Auch für studierende Kinder gibt es mehr Geld. Ihr Bedarfssatz wird gegenüber 2022 von 860 EUR auf 930 EUR angehoben, wenn das Kind nicht mehr bei seinen Eltern oder einem Elternteil wohnt. Darin enthalten sind 410 EUR Wohnkosten (Warmmiete). Wenn sich nach der Lebensstellung der Eltern ein höherer Bedarf ermittelt, kann von dem Mindestbedarf von 930 EUR nach oben abgewichen werden.
2. Anrechnung des Kindergelds
Wie auch in der Vergangenheit ist auf den Bedarf des Kindes nach § 1612b BGB das Kindergeld anzurechnen. In 2023 beträgt das Kindergeld je Kind einheitlich 250 EUR. Das ist gegenüber 2022 für das 1. und 2. Kind eine Erhöhung um 31 EUR und für das 3. Kind um 25 EUR. Das Kindergeld ist bei minderjährigen Kindern in der Regel zur Hälfte und bei volljährigen Kindern in vollem Umfang auf den Barunterhaltsanspruch anzurechnen. Der zu zahlende Kindesunterhalt reduziert sich dadurch.
3. Selbstbehalte und Eigenbedarf
Der Selbstbehalt, also der Betrag, der einem Unterhaltsverpflichtenden nach Zahlung des Kindesunterhalts verbleiben muss, wird ebenfalls angepasst. Das war zuletzt zum 1. Januar 2020 der Fall.
Dabei wird zwischen dem Selbstbehalt für erwerbstätige und nichterwerbstätige Unterhaltsverpflichtete unterschieden. Der Eigenbedarf für den nichterwerbstätigen Unterhaltsschuldner beträgt neu 1.120 EUR (statt bisher 960 EUR) und für den erwerbstätigen Unterhaltsschuldner neu 1.370 EUR (statt bisher 1.160 EUR).
Die Düsseldorfer Tabelle regelt aber nicht nur den Kindesunterhalt. Es geht auch um den Ehegattenunterhalt. Der Eigenbedarf gegenüber Ansprüchen des Ehegatten beläuft sich jetzt zum 01.01.2023 auf 1.385 EUR (bisher 1.180 EUR), bei Erwerbstätigkeit des Unterhaltspflichtigen auf 1.510 EUR (bisher 1.280 EUR). Hierin sind Wohnkosten von 580 EUR (Warmmiete) enthalten. Das ist eine deutliche Steigerung, was aber auch aufgrund der Preissteigerungen auf allen Bereichen des Lebens notwendig erscheint.
Praxis-Tipp:
Die Düsseldorfer Tabelle ist zwar übersichtlich gestaltet. Die Unterhaltsberechnung ist aber nicht ganz einfach.
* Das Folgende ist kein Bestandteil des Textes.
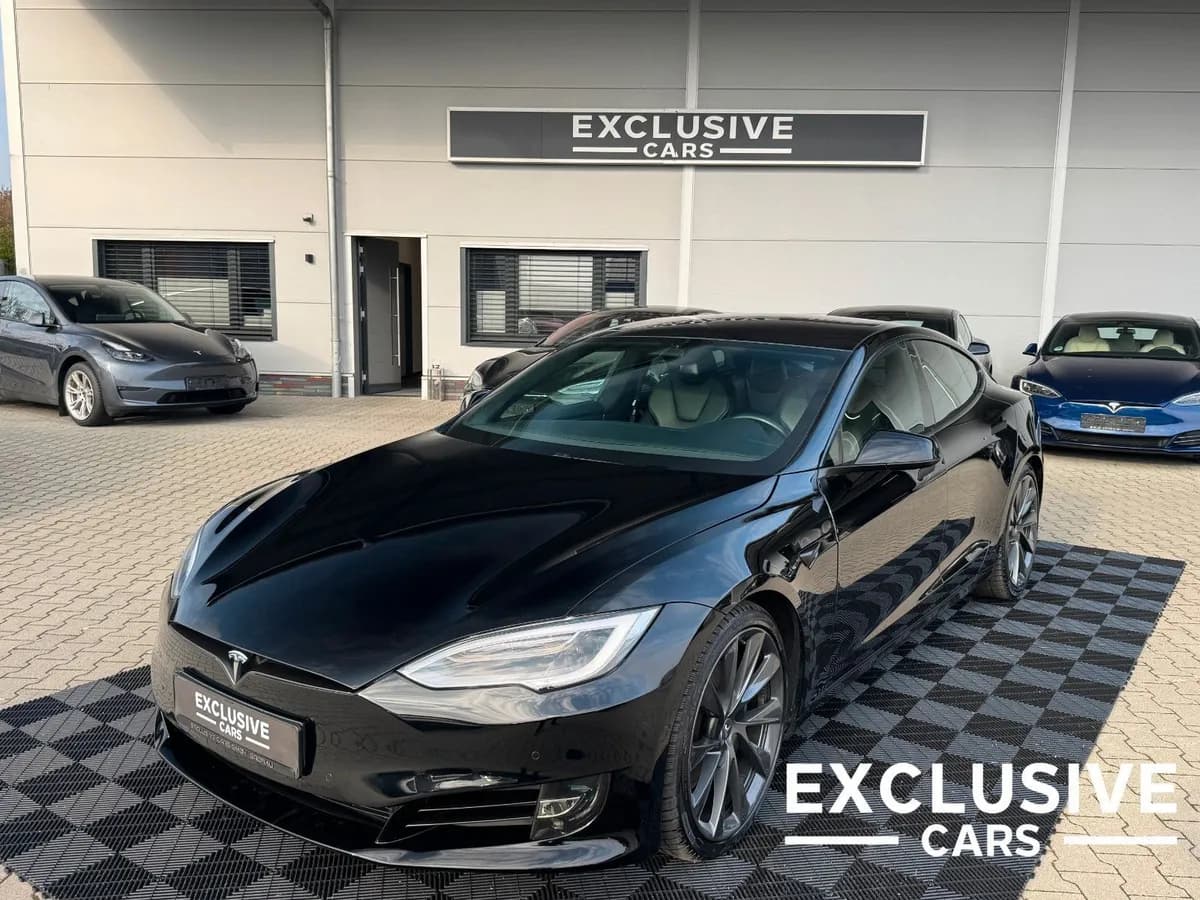 TESLA Model S - Bild 1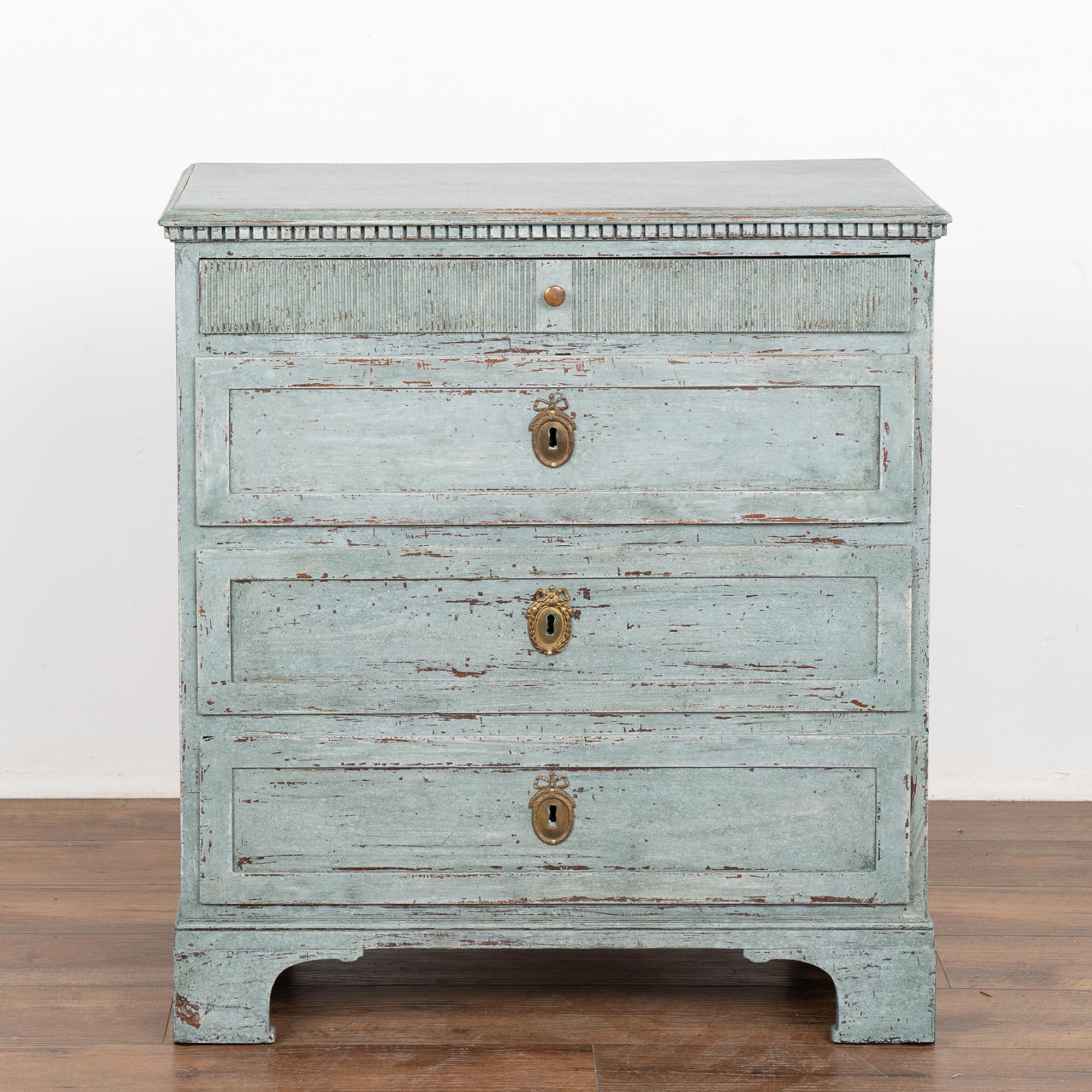 Blue Painted Gustavian Pine Chest of Three Drawers, Sweden circa 1820-40 In Good Condition In Round Top, TX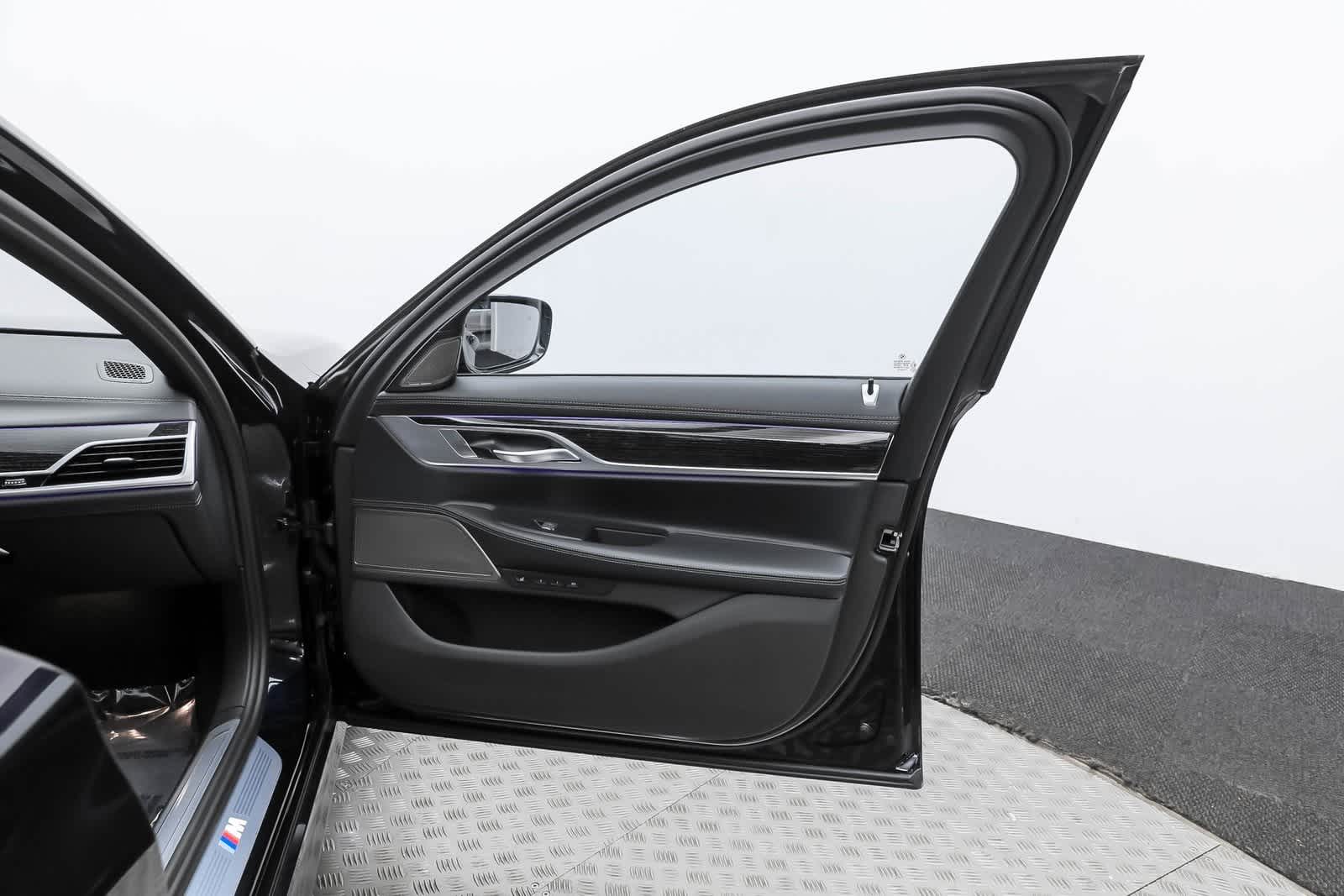 Thumbnail: 2022 BMW 7 Series - 45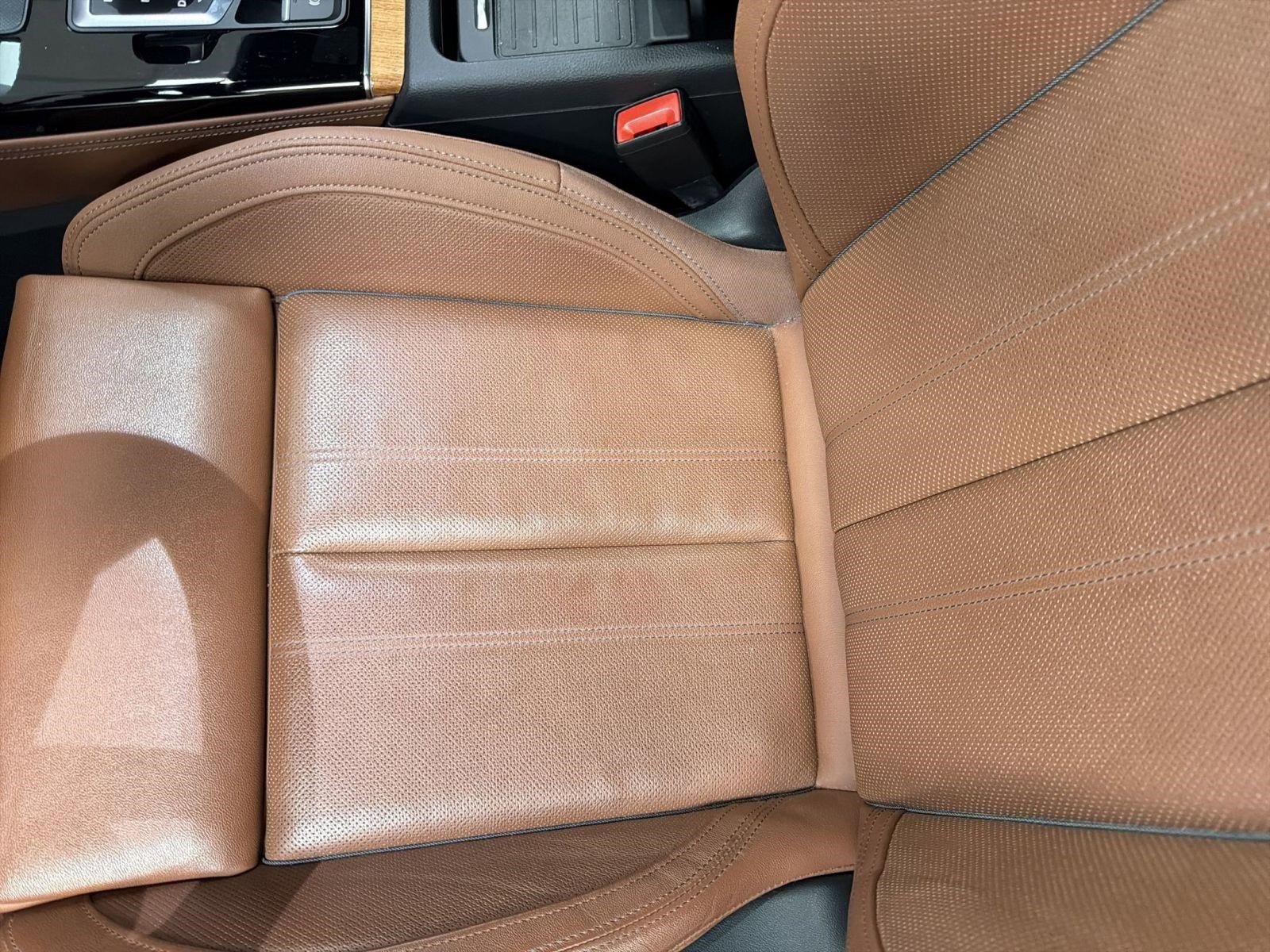 Used 2021 Audi Q5 Prestige w/ Prestige Package image 18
So muss das durchschnittliche Einkommen des Verpflichteten bestimmt werden. Jede Abzugsposition kann einen Streitfall bilden. Es empfiehlt sich daher immer, einen Fachanwalt oder eine Fachanwältin für Familienrecht mit der korrekten Berechnung zu beauftragen.
Wer bereits einen dynamisierten Unterhaltstitel hat, sollte sich diesen jetzt noch einmal genau anschauen. Der Titel enthält dann einen Prozentsatz vom Mindestunterhalt. So kann jeder bei sofort in der Düsseldorfer Tabelle 2023 den neuen Unterhaltsbetrag ablesen. Oft gilt der neue Betrag ohne Aufforderung zur Anpassung. Ein kurzes Schreiben kann aber sicher nicht schaden, um späteren Ärger um Nachforderungen zu vermeiden.